Siguiendo lo anterior, todos estos problemas estructurales de la descentralización, paradójicamente, han salido a la luz en este gobierno nacionalista que busca la “inclusión social”. La deficiencia mayor en esta falta de capacidad de gobernar por parte de Humala es caer en el vicio de entender la “inclusión social” como “a mayor dinero que se destina las regiones, más personas formarán parte del modelo económico”. Ya tenemos el célebre y penoso caso de la ineficiencia de la “descentralización de la inclusión social” con la ONAGI y, considero que con eso, ya tenemos suficiente como para disgustarnos.

Finalmente, quizás Humala aún debe entender que con estos Consejos de Ministros solo consigue llevar el Estado “a medias”, porque mientras no se consiga invertir adecuadamente los fondos públicos, los más beneficiados con esta ineficiencia serán los gobiernos regionales y los Cesár Álvarez que seguirán apareciendo. Y como señala Mirko Lauer, es necesario un nuevo regionalismo. Solo queda esperar.

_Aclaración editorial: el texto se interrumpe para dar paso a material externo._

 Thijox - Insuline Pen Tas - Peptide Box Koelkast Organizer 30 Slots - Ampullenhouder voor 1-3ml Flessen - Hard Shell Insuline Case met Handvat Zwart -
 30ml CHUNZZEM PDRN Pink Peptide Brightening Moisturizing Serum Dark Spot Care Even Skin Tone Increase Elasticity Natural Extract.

Publicado el junio 1, 2014 en Columna Dominical y etiquetado en . Guarda el enlace permanente. 5 comentarios.

  1. Kathia Valderrama

    Muy buena apreciación y crítica.

  2. Jaquelin Neyra

    Buena critica a Humala… pero esto no cambiara si siguen las mismas personas…

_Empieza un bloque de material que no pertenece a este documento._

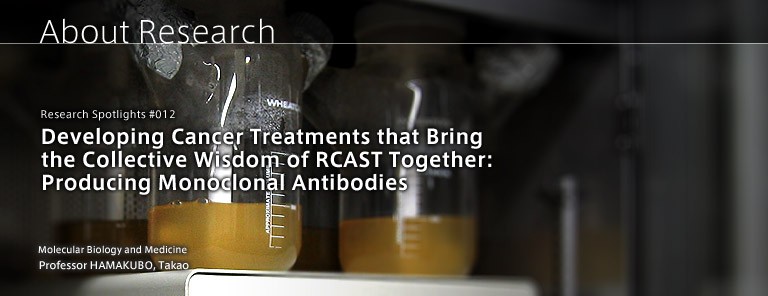 Chapter About Research:Research Spotlights #012/Developing Cancer Treatments that Bring the Collective Wisdom of RCAST Together: Producing Monoclonal Antibodies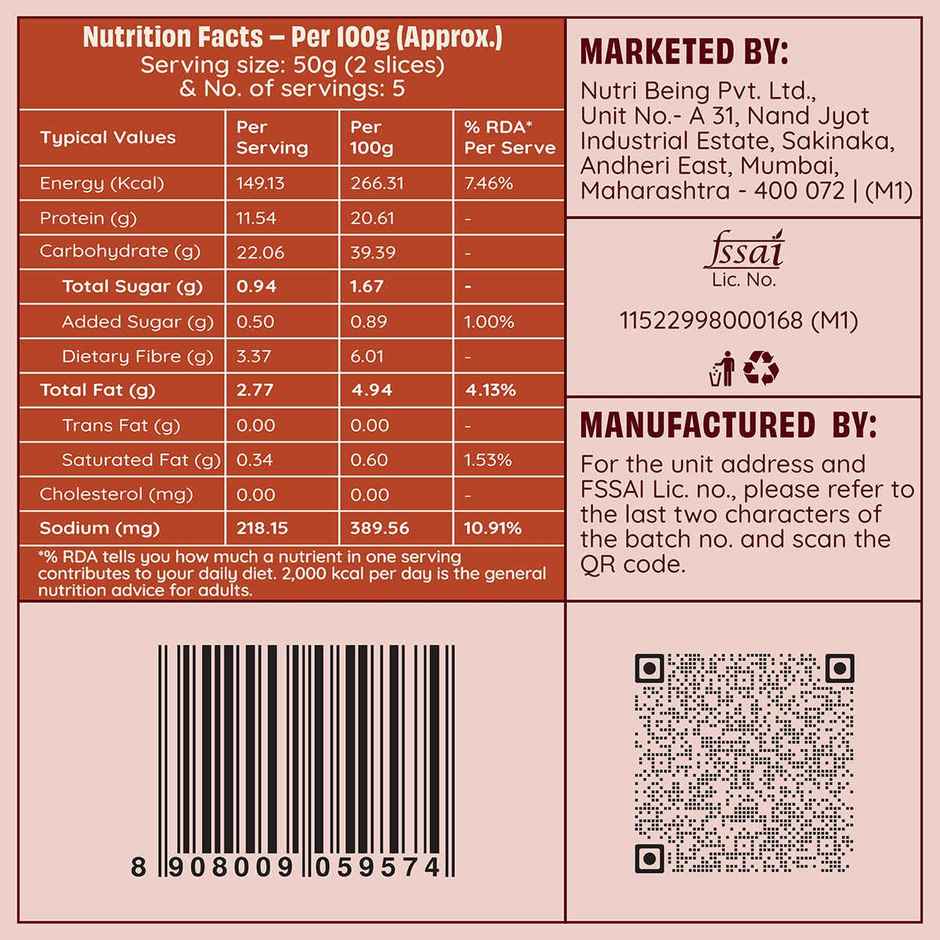 The Health Factory Super Protein Bread | Zero Maida | 51g High Protein | Whole Wheat Bread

  3. Felicitaciones, por animarse a escribir, es un buen inicio, y para el debate. Pero, como en todo proceso de conocimiento siempre debe haber crítica, sino no hay ciencia. A fin de aprehender conjuntamente, ahí va mis críticas.
    No comparto la afirmación: ” que se haya consolidado una descentralización política”. Nunca hemos tenido ello, desde aquel intento de la confederación Perú Boliviana y que los Chilenos lo impidieron por razones geopolíticas, promoviendo a Gamarra.
    Al parecer hay una confunsión descentralización con desconcetración. Lo que ha habido es desconcetración, por ello, hoy en día, muchos trámites administrativos lo pueden iniciar en una mesa de parte de algún gobierno regional. Pero la decisión si se hace o no se hace con tal inversión lo sigue teniendo Lima. Coloco como ejemplo tu propio artículo en el que Ollanta va llevando el dinero a las regiones a invertir. Es decir la decisión política en lo económico no esta en las regiones, sigue en Lima. Y como sabrás no hay decisión política sin lo económico, como enseño el Amauta.

    Lo otra afirmación:” transferencia de técnicos y burócratas hacías las regiones”

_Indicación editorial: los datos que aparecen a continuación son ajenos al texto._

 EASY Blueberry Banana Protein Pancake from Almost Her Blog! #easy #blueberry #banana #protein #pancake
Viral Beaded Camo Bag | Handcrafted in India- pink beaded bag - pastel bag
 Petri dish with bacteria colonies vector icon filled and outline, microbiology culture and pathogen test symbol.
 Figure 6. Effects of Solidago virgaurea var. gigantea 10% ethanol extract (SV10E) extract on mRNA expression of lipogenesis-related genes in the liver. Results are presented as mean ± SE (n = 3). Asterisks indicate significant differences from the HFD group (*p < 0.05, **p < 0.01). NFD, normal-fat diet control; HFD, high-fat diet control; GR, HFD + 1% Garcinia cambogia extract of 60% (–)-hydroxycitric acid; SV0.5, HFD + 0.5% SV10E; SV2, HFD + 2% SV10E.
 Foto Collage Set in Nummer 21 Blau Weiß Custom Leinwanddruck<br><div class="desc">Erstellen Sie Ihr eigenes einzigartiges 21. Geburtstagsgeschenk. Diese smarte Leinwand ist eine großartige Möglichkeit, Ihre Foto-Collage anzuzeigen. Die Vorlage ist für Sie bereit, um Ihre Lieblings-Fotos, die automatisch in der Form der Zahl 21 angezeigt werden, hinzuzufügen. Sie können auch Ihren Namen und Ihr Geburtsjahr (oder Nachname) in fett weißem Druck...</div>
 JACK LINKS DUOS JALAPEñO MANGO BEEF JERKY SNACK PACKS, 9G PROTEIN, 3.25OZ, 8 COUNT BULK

    Aquí voy a pecar un poco de subjetivo, ya que no existe, creo, base estadística. Pero he tenido la oportunidad de viajar por todas las regiones del país realizando audiencias vecinales y regionales. Y en las provincias hay mucha gente capacitada e incluso esos técnicos y burócratas que están aquí en Lima trabajando, son provincianos, que muchos quisieran estar en sus tierras pero por su capacidad están en Lima, pero en provincias hay mucha gente capacitada. Por tanto la afirmación ya apriori es limeñista.

    El problemas de la corrupción no se va solucionar enviando técnicos desde Lima, creo que el problemas es más complejo. Y requiere de otro tema para otro debate.
    Desde ya, reitero mis felicitaciones por este blog. Ahí te copio un artículo mío Sobre la representación política en las regiones y propuesta legislativa. fue escrita mucho antes de lo de Álvarez, pero creo que en lo medular lo reafirmo. Espero, también, las críticas a mi artículo en el buen ánimo.